In the public sector, civic engagement is tied to economic opportunity, Owens said.

“You’ve got to think about these relationships well in advance, and you’ve got to find the organizations engaging the community daily,” Owens said.

Development often occurs in non-BIPOC neighborhoods “on a much faster track,” Black said. When an idea for development doesn’t work in neighborhoods populated mainly by people of color, “we say the community never wanted it. They did,” she said. “They just wanted it better.”

“When you have a relationship and trust,” Owens said, “the risk factor goes away.”

When Danger pointed out recent statistics showing wage and employment gaps between white people and people of color narrowing slightly, Black said that “context is everything.”

“Just in the last three years, the family sustainable wage in Minneapolis moved from $22 per hour to $29. We have to look at how far behind people are getting to that $29,” Black said.

“One economic downturn and all this can be erased,” Owens said. While many job offerings require potential applicants to have earned a bachelor’s degree, “the job duties don’t require it.”

“A skills-first approach can create potential pathways,” he said.

‘We will not undo hundreds of years of systemic racism during Black History Month’ — Tawanna Black

Statewide, 11% of African Americans work in home healthcare roles, jobs that traditionally pay relatively low wages but often demand enormous physical effort. “We’ve had numerous workforce development efforts, but we find sadly that 11% are stuck,” Black said. “That’s too many people in our state.”

Tane Danger

Danger asked about what young people will need to hear in order to overcome “the belief gap.”

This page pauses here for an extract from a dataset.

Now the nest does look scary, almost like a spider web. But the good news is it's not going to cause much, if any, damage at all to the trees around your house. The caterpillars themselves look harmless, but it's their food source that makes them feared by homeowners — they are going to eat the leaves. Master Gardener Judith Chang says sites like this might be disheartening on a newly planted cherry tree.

“I’ve worked with a lot of organizations that work with youth. Youth tell them what they need,” Owens said. “We leave youth out of conversations about things that are happening to them.”

“I think our youth need the truth, to understand Black history and America’s history,” Black said. She was in a fifth-grade classroom recently where a student asked, “if Black lives matter, why were we put into slavery?”

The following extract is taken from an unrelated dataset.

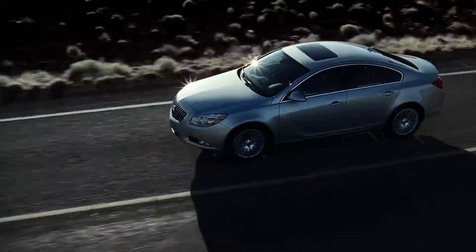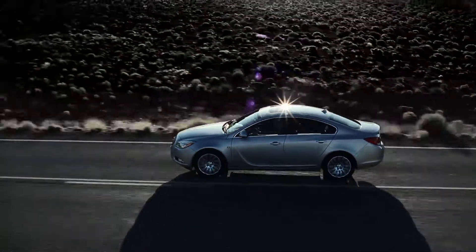Introducing the sport-injected 2011 Regal from Buick. Let the performance begin.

“It led to a lot of other important questions,” Black said. “We can’t afford not to tell the truth to our children.”

Building Black wealth involves investing in system change and protecting progress, Owens said. “Use your mind and your position to ensure we aren’t going backward, but going forward,” he said.

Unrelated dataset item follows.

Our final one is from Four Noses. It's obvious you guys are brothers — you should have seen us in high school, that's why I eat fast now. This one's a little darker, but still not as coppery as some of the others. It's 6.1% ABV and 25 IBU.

Black added it’s helpful to “learn the things you don’t know. Ask questions that may feel weird, like those fifth graders did.”

“Take daily action,” she added. “We will not undo hundreds of years of systemic racism during Black History Month.”

And “invest, invest, invest — your time, talent, dollars and influence,” Black said. “People need to hear from folks who look like you to say, ‘this matters to me.’”

“We have to be demanding in demanding equity,” Black said.